Dynamic Quantitative Sensory Test (dynamic QST) could be a valuable technique to assess CS9,11,12,13,14,15,16,17,18,19. It is a way to evaluate the excitability of different pain pathways/mechanisms using various stimulus modalities and quantify pain objectively12,13,14,15,20. Dynamic QST can measure a Temporal Summation of Second Pain (TSSP) phenomenon, which has long been proposed as an essential modality for functional evaluation of CS2,10,11.

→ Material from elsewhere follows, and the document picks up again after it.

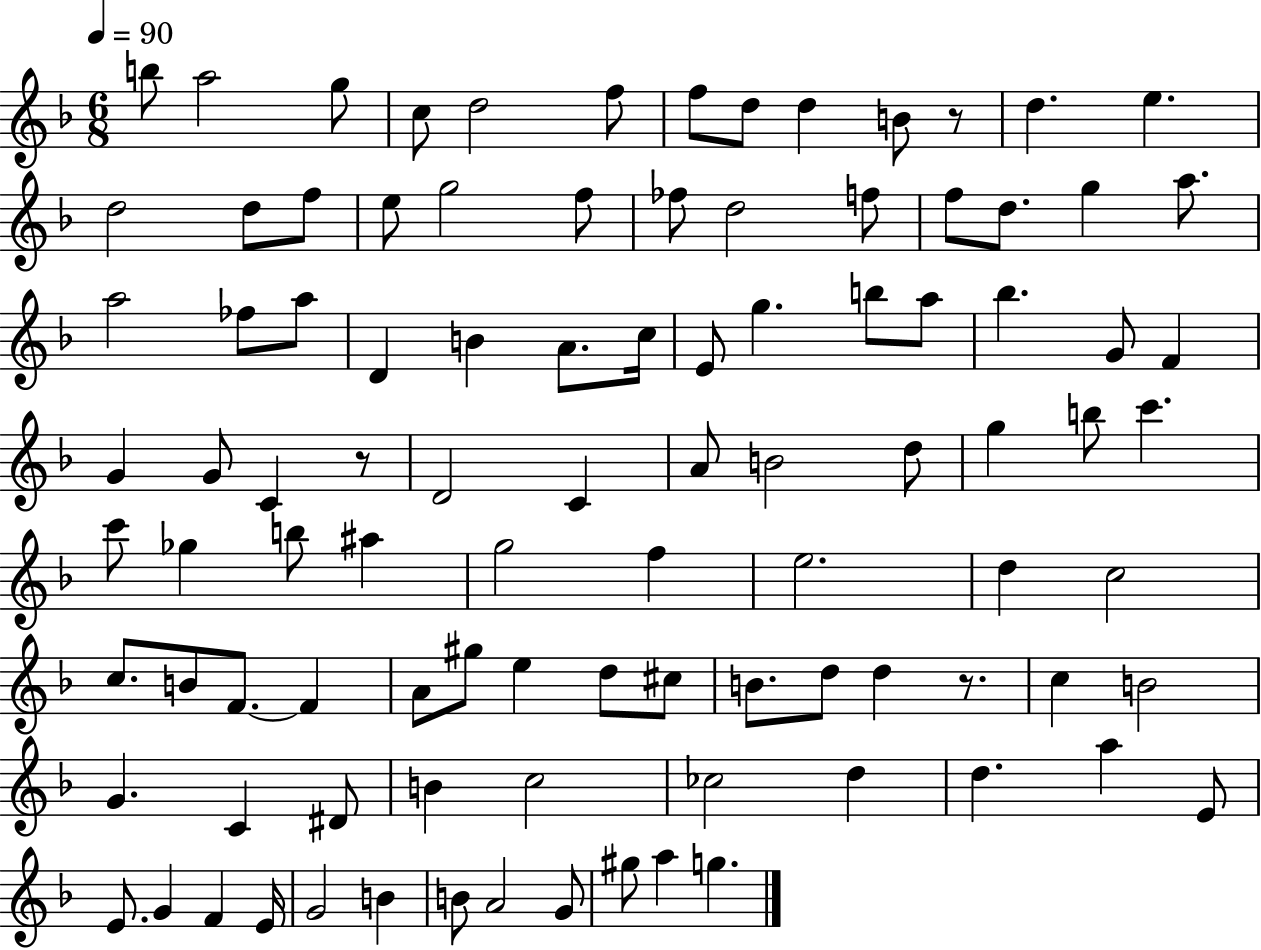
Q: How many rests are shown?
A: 3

Existing protocols for measuring TSSP usually apply a fixed stimulus intensity in an arbitrary way12,13. More recently, individualized protocols suited for within-individual monitoring have been developed14,16,21,22. The stimulus intensity is determined to assure a mild painful sensation at the start of the stimulus for measuring TSSP. It might be logical to adjust the stimulus intensity individually because the patients’ pain thresholds differ from individual to individual23,24,25,26. Although there was no evidence to set this stimulus intensity, an earlier study applied individual’s pain thresholds + 2 °C as the stimulus intensity for the individualized protocol22, another study applied 1.25 times individual’s pain thresholds as the stimulus intensity27, and another study applied a mild painful sensation adjusted individually14,16,21. However, there is no gold standard for protocols to set the stimulus intensity for measuring TSSP.

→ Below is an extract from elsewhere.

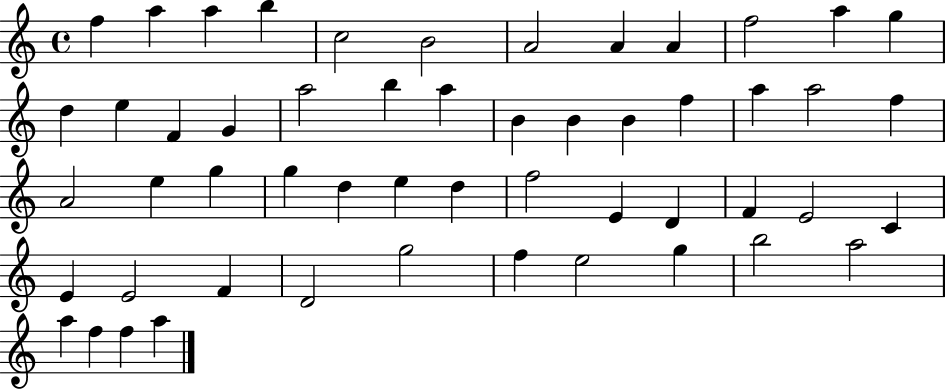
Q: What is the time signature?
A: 4/4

This study’s objective was to establish the stimulus intensity for the best measuring TSSP. The null hypothesis was as follows: 1. In healthy volunteers with no pain, TSSP with the stimulus intensity adjusted at individual’s pain thresholds + 2 °C would not be measured more significantly than that with the stimulus intensity adjusted at individual’s pain thresholds and the stimulus intensity adjusted at individual’s pain thresholds + 1 °C; and 2. TSSP differences between chronic pain patients and healthy volunteers with no pain would not be observed with the stimulus intensity adjusted at individual’s pain thresholds + 2 °C more significantly than with the stimulus intensity adjusted at individual’s pain thresholds and the stimulus intensity adjusted at individual’s pain thresholds + 1 °C. To examine null hypothesis 1, TSSP was compared across the stimulus intensities in healthy volunteers with no pain. To examine null hypothesis 2, a case–control study of healthy volunteers with no pain and temporomandibular disorders patients with chronic pain was conducted.

Methods

Experimental design

The pain thresholds of each participant (PT °C) was determined, and then TSSP was measured using three stimulus intensities (PT °C, PT + 1 °C, PT + 2 °C) (Fig. 1). Heat stimuli were applied to the non-dominant thenar eminence at the orientation and training session, and heat stimuli were applied to the dominant thenar eminence at the testing session.

Figure 1
figure 1

Flow chart of a protocol for measuring PT and TSSP.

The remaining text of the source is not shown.